Ibrahima Dia, envoyé spécial à Addis Abeba

Chantal Jacovetti est une franco-malienne qui travaille au Mali depuis plus de cinq ans comme chargée du foncier et de l’agro-écologie au sein de la coordination nationale des organisations paysannes. Elle travaille en étroite collaboration avec la convergence malienne contre l’accaparement des terres. Entretien.

Quelle est votre vision du développement agricole de l’Afrique pour les des dix prochaines années?

L’Afrique est arrivée à un tournant où elle doit prendre de grandes décisions pour son avenir. Elle doit pouvoir répondre aux préoccupations de son peuple et en même temps faire attention à ne pas se faire envahir par une vision capitaliste ou mondialiste qui ne correspond nullement aux cultures africaines et, d’ailleurs, aux cultures des peuples en general. Je pense quel’Afrique doit défendre le droit coutumier dans le sens que la terre, traditionnellement, représente un bien commun et, en aucun cas, ne pourra être vendu n’importe comment et surtout pas aux spéculateurs qui mettent des populations à la rue, dans les villes et ailleurs. L’Afrique a la possibilité, si elle a confiance en elle, de bien et mieux négocier son avenir dans le foncier en faisant profiter à ses populations de plus d’autonomie alimentaire et financière..

À la lumière de l’appétit des grands investisseurs pour les terres africaines, les petits agriculteurs sont-ils menacés ?

je dirai que les petits agriculteurs africains ne se laisseront pas faire parce que de toute façon l’agriculture est le seul moyen de substance au jour le jour.

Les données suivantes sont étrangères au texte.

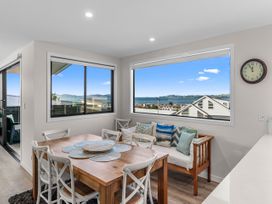 A dining room with a table and chairs at Kawau Bay Escape - Snells Beach Holiday Home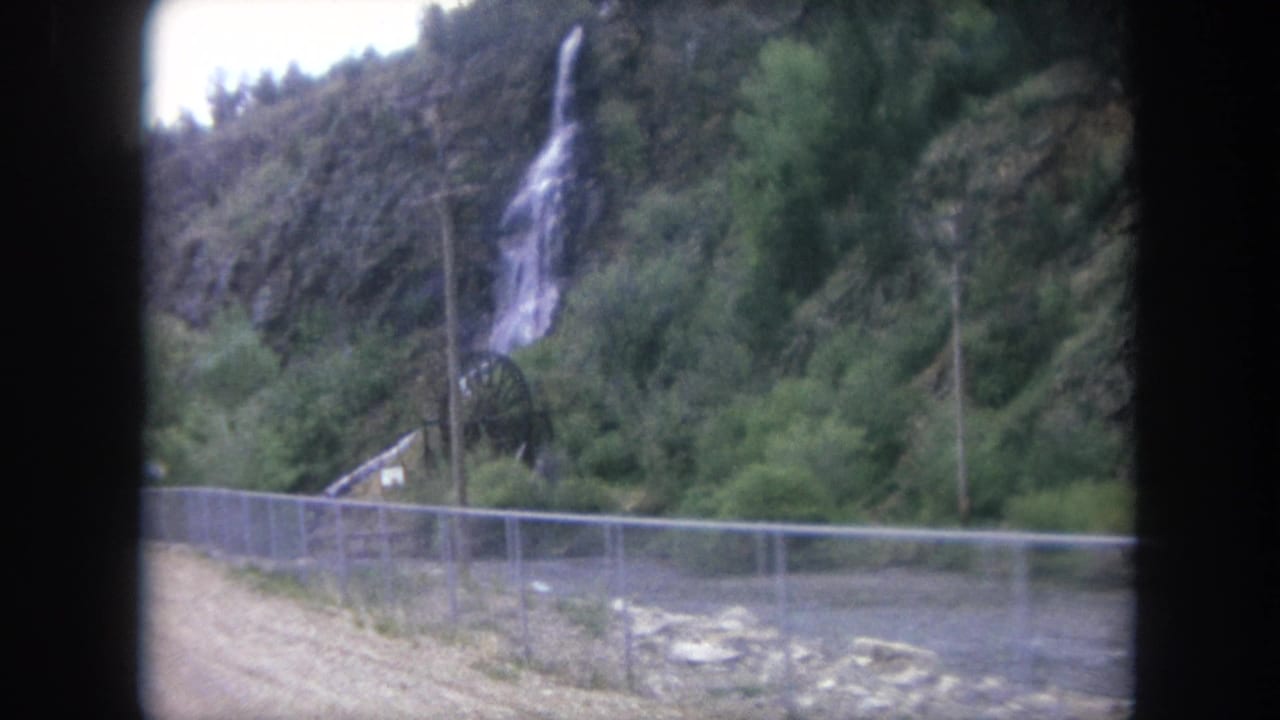 1962 8mm view in Winter Park, Colorado, showing a hillside waterfall above trees, fencing, utility poles, and a small structure.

Malheureusement, le contexte du continent africain n’offre pas la chance aux jeunes villageois de travailler dans des usines ou dans des structures comme cela se passe en Europe ou ailleurs. Il n’offre pas aussi la possibilité d’avoir le même niveau d’éducation et d’accès aux bonnes conditions de santé. Ce qu’il faut c’est exactement d’essayer de renforcer ces petits agriculteurs et de les sécuriser. Il faudra aussi améliorer les conditions de vie de ces villageois afin de pouvoir limiter l’exode rural dont les consèquences sont nègatives pour le dèveloppement agricole villageois.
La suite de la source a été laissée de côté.